Example by changing threshold


# Simulating a scale-free homophilic network
set.seed(1231)
X <- rep(c(1,1,1,1,1,0,0,0,0,0), 50)
net <- rgraph_ba(t = 499, m=4, eta = X)

# Taking a look in igraph
ig  <- igraph::graph_from_adjacency_matrix(net)
plot(ig, vertex.color = c("azure", "tomato")[X+1], vertex.label = NA,
     vertex.size = sqrt(dgr(net)))


# Now, simulating a bunch of diffusion processes
nsim <- 500L
ans_1and2 <- vector("list", nsim)
set.seed(223)
for (i in 1:nsim) {
  # We just want the cum adopt count
  ans_1and2[[i]] <- 
    cumulative_adopt_count(
      rdiffnet(
        seed.graph = net,
        t = 10,
        threshold.dist = sample(1:2, 500L, TRUE),
        seed.nodes = "random",
        seed.p.adopt = .10,
        exposure.args = list(outgoing = FALSE, normalized = FALSE),
        rewire = FALSE
        )
      )
  
  # Are we there yet?
  if (!(i %% 50))
    message("Simulation ", i," of ", nsim, " done.")
}
# Simulation 50 of 500 done.
# Simulation 100 of 500 done.
# Simulation 150 of 500 done.
# Simulation 200 of 500 done.
# Simulation 250 of 500 done.
# Simulation 300 of 500 done.
# Simulation 350 of 500 done.
# Simulation 400 of 500 done.
# Simulation 450 of 500 done.
# Simulation 500 of 500 done.

# Extracting prop
ans_1and2 <- do.call(rbind, lapply(ans_1and2, "[", i="prop", j=))

ans_2and3 <- vector("list", nsim)
set.seed(223)
for (i in 1:nsim) {
  # We just want the cum adopt count
  ans_2and3[[i]] <- 
    cumulative_adopt_count(
      rdiffnet(
        seed.graph = net,
        t = 10,
        threshold.dist = sample(2:3, 500L, TRUE),
        seed.nodes = "random",
        seed.p.adopt = .10,
        exposure.args = list(outgoing = FALSE, normalized = FALSE),
        rewire = FALSE
        )
      )
  
  # Are we there yet?
  if (!(i %% 50))
    message("Simulation ", i," of ", nsim, " done.")
}
# Simulation 50 of 500 done.
# Simulation 100 of 500 done.
# Simulation 150 of 500 done.
# Simulation 200 of 500 done.
# Simulation 250 of 500 done.
# Simulation 300 of 500 done.
# Simulation 350 of 500 done.
# Simulation 400 of 500 done.
# Simulation 450 of 500 done.
# Simulation 500 of 500 done.

ans_2and3 <- do.call(rbind, lapply(ans_2and3, "[", i="prop", j=))

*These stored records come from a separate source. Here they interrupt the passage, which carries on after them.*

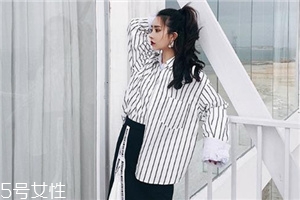 襯衫需要打底嗎？淺色襯衫最好打底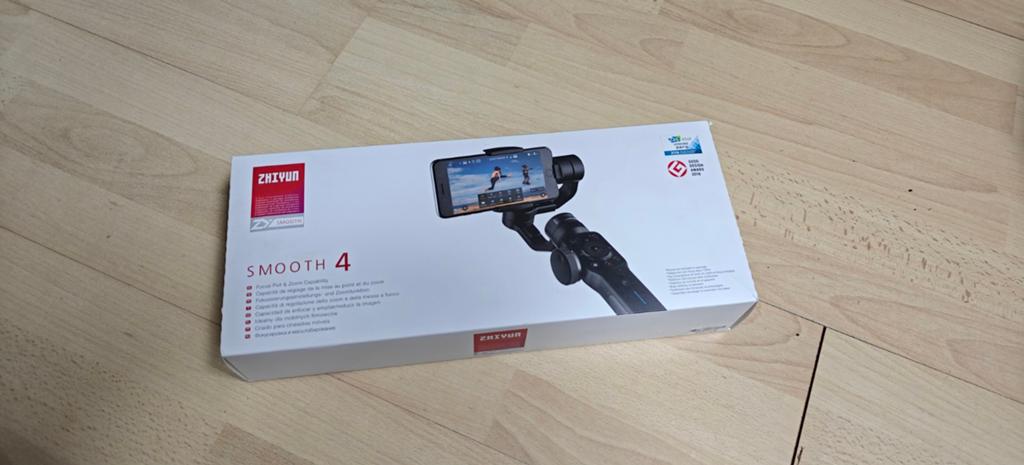 Zhiyun Smooth 4 Smartphone Gimbal, Ophalen of Verzenden, Gebruikt, Minder dan 150 cm, Overige typen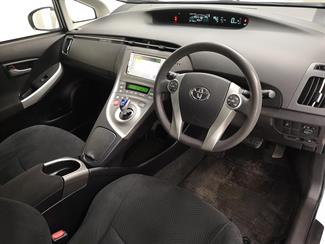 2013 Toyota Prius - Thumbnail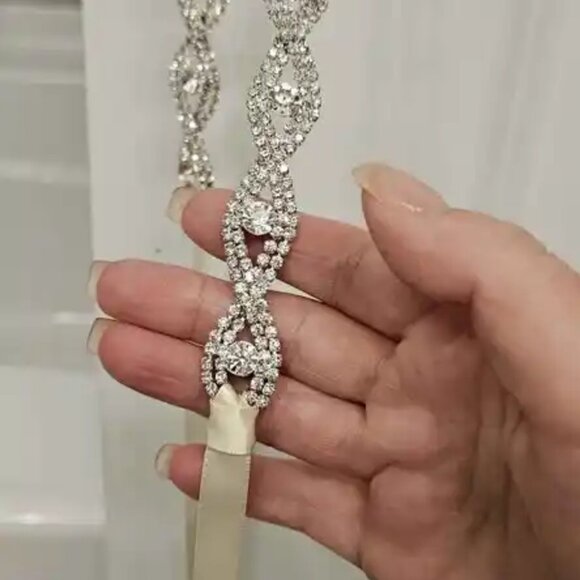 Wedding Dress and Accessories - Picture 4 of 6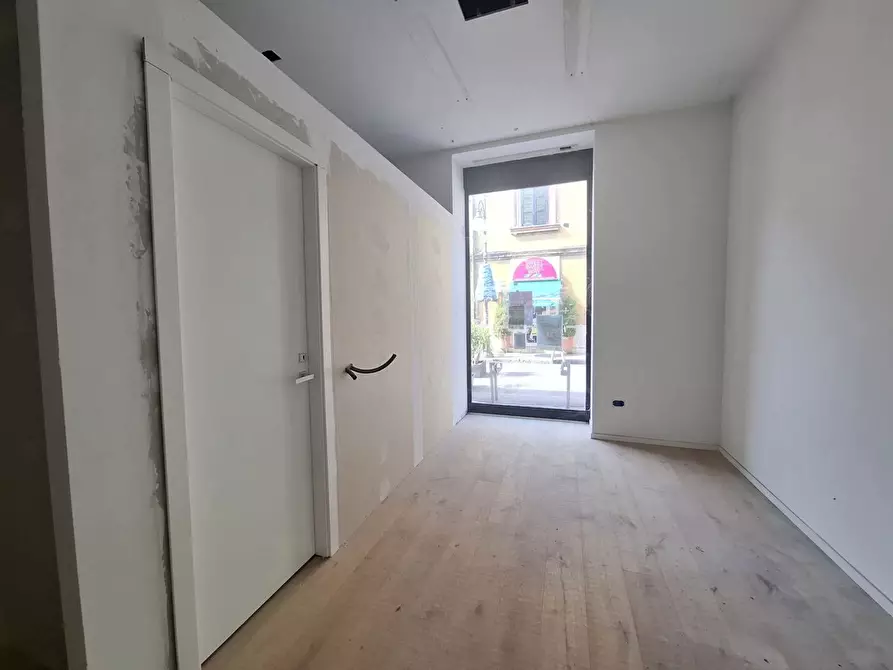 Immagine 10 di Negozio in affitto  in Corso Volsci, snc a Sora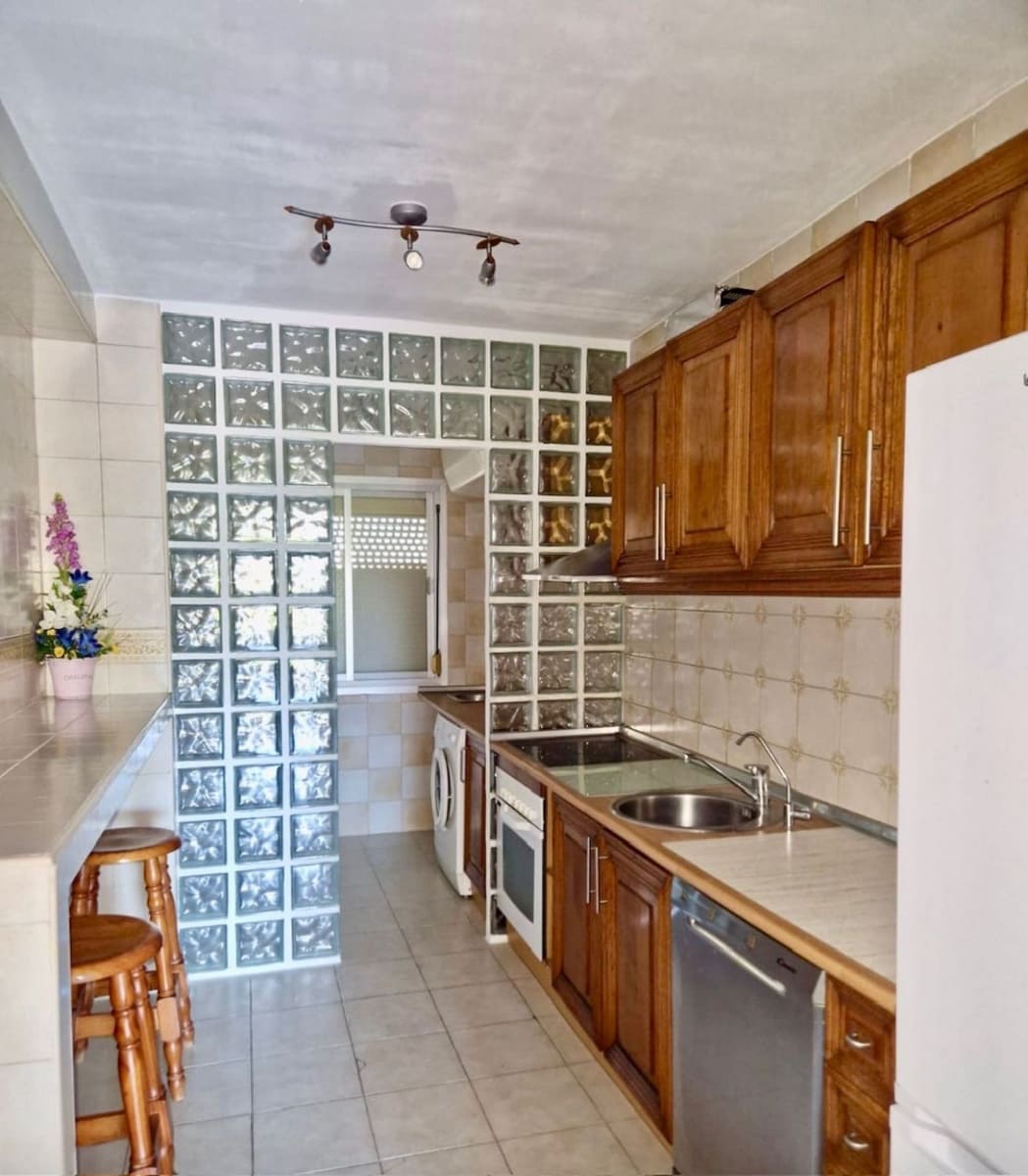 3 bedroom Apartment for sale in San Pedro de Alcantara - € 349,000 (Ref: 9738673)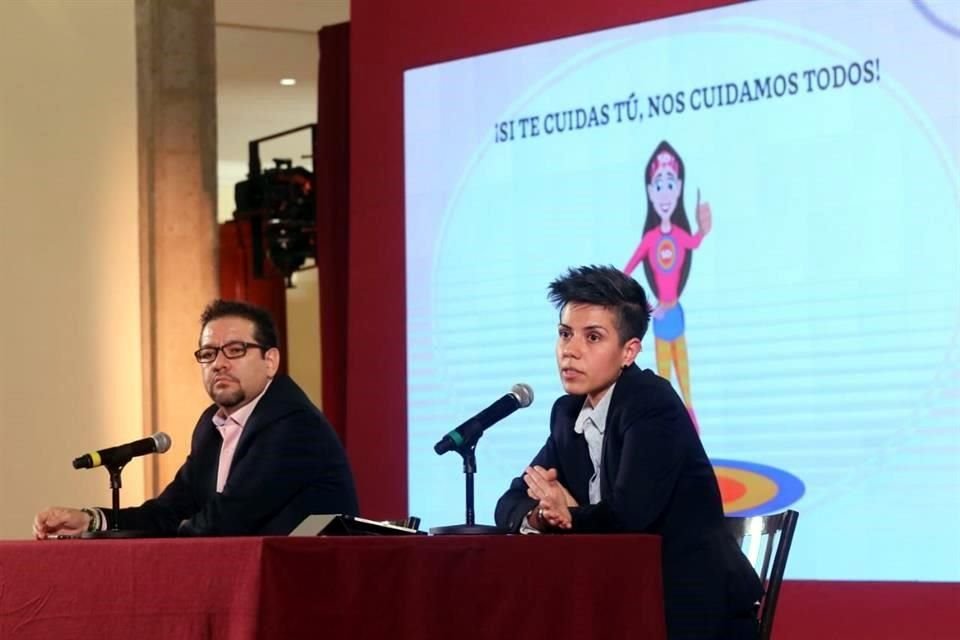 Ricardo Cortés Alcalá, director general de Promoción de la Salud, y Ana Lucía de la Garza Barroso, directora de Investigación Operativa Epidemiológica.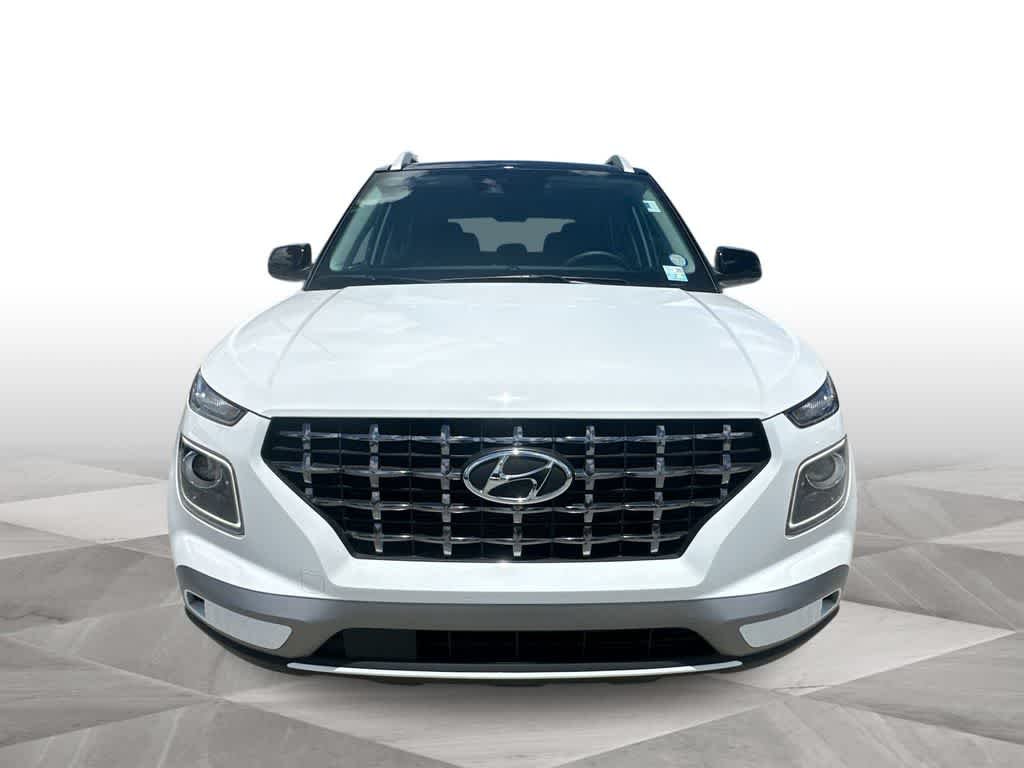 Used 2024 Lunar White Hyundai Limited image 3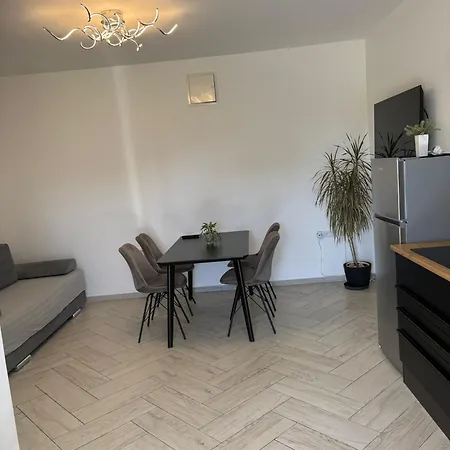 La Apartment *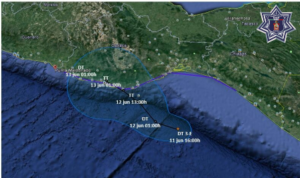 La depresión está a 190 kilómetros al sur de Salina Cruz, Oaxaca, y a 200 kilómetros al sur-suroeste de Barra de Tonalá, Chiapas.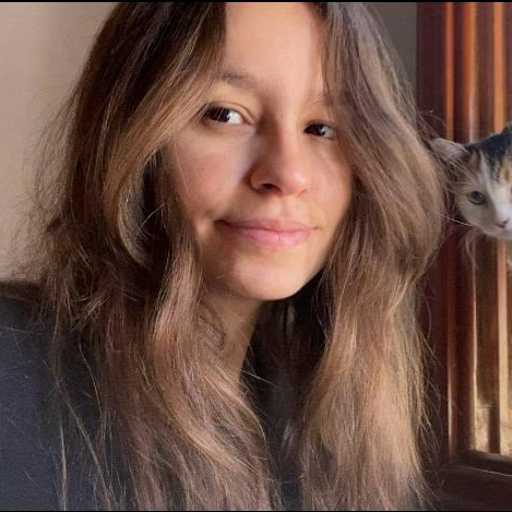 Profile image for pet sitter Andiara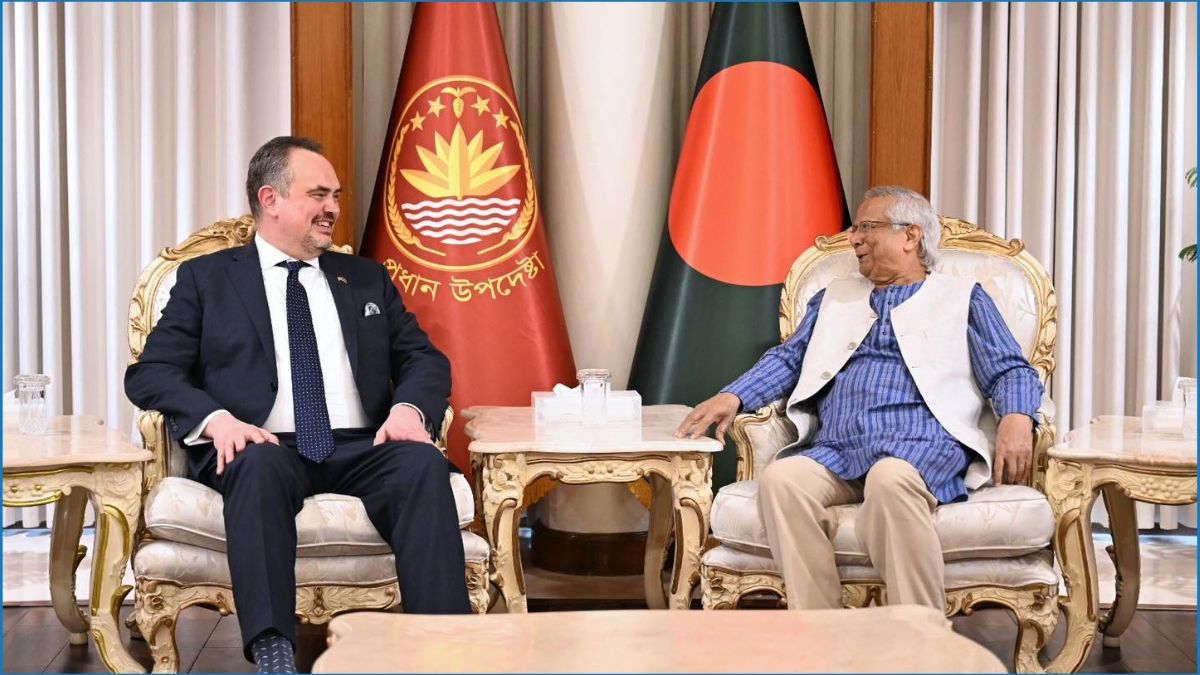 ১২ ফেব্রুয়ারির নির্বাচন হবে ভবিষ্যতের মানদণ্ড : মার্কিন রাষ্ট্রদূতকে প্রধান উপদেষ্টা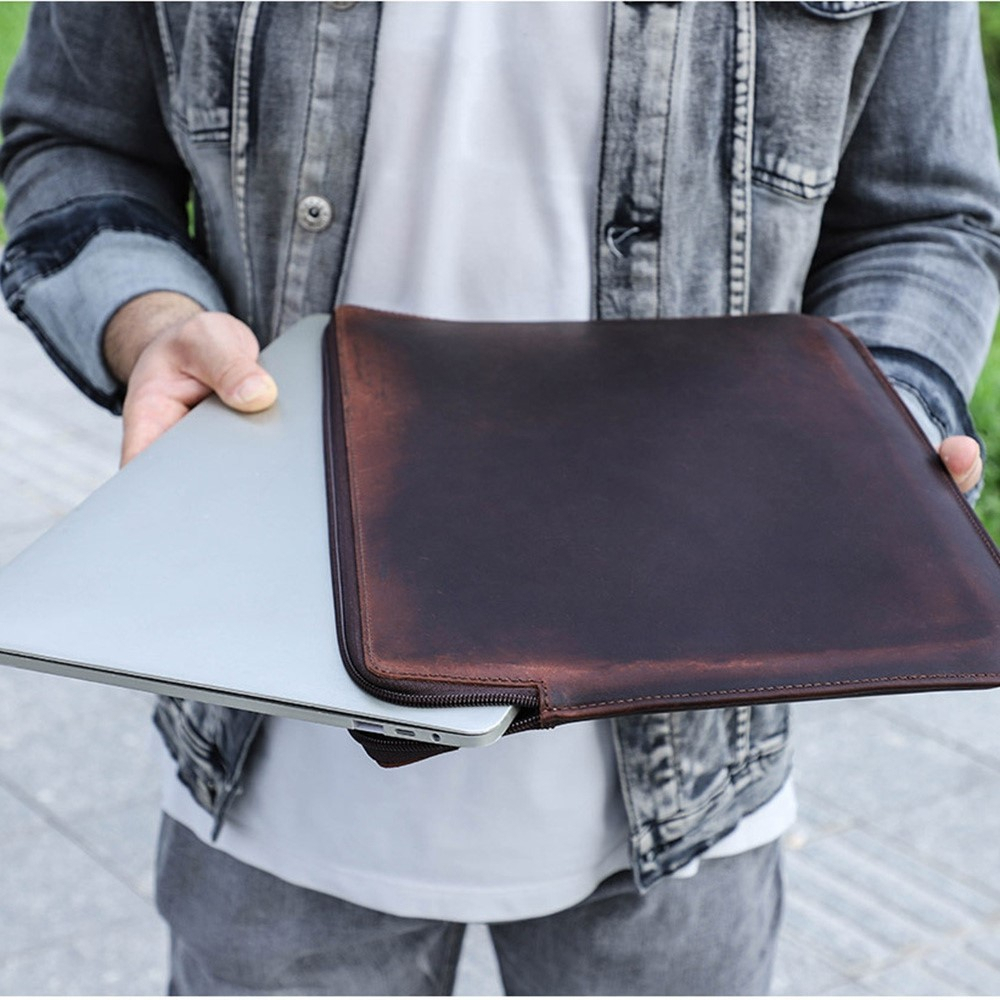 MacBook Pro 14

This can actually be simplified by using the function rdiffnet_multiple. The following lines of code accomplish the same as the previous code avoiding the for-loop (from the user’s perspective). Besides of the usual parameters passed to rdiffnet, the rdiffnet_multiple function requires R (number of repetitions/simulations), and statistic (a function that returns the statistic of insterst). Optionally, the user may choose to specify the number of clusters to run it in parallel (multiple CPUs):

ans_1and3 <- rdiffnet_multiple(
  # Num of sim
  R              = nsim,
  # Statistic
  statistic      = function(d) cumulative_adopt_count(d)["prop",], 
  seed.graph     = net,
  t              = 10,
  threshold.dist = sample(1:3, 500, TRUE),
  seed.nodes     = "random",
  seed.p.adopt   = .1,
  rewire         = FALSE,
  exposure.args  = list(outgoing=FALSE, normalized=FALSE),
  # Running on 4 cores
  ncpus          = 4L
  )

boxplot(ans_1and2, col="ivory", xlab = "Time", ylab = "Threshold")
boxplot(ans_2and3, col="tomato", add=TRUE)
boxplot(t(ans_1and3), col = "steelblue", add=TRUE)
legend(
  "topleft",
  fill = c("ivory", "tomato", "steelblue"),
  legend = c("1/2", "2/3", "1/3"),
  title = "Threshold range",
  bty ="n"
)

Example simulating a thousand networks by changing threshold levels. The final prevalence, or hazard as a function of threshold levels.

Problems

Given the following types of networks: Small-world, Scale-free, Bernoulli, what set of \(n\) initiators maximizes diffusion? (solution script and solution plot)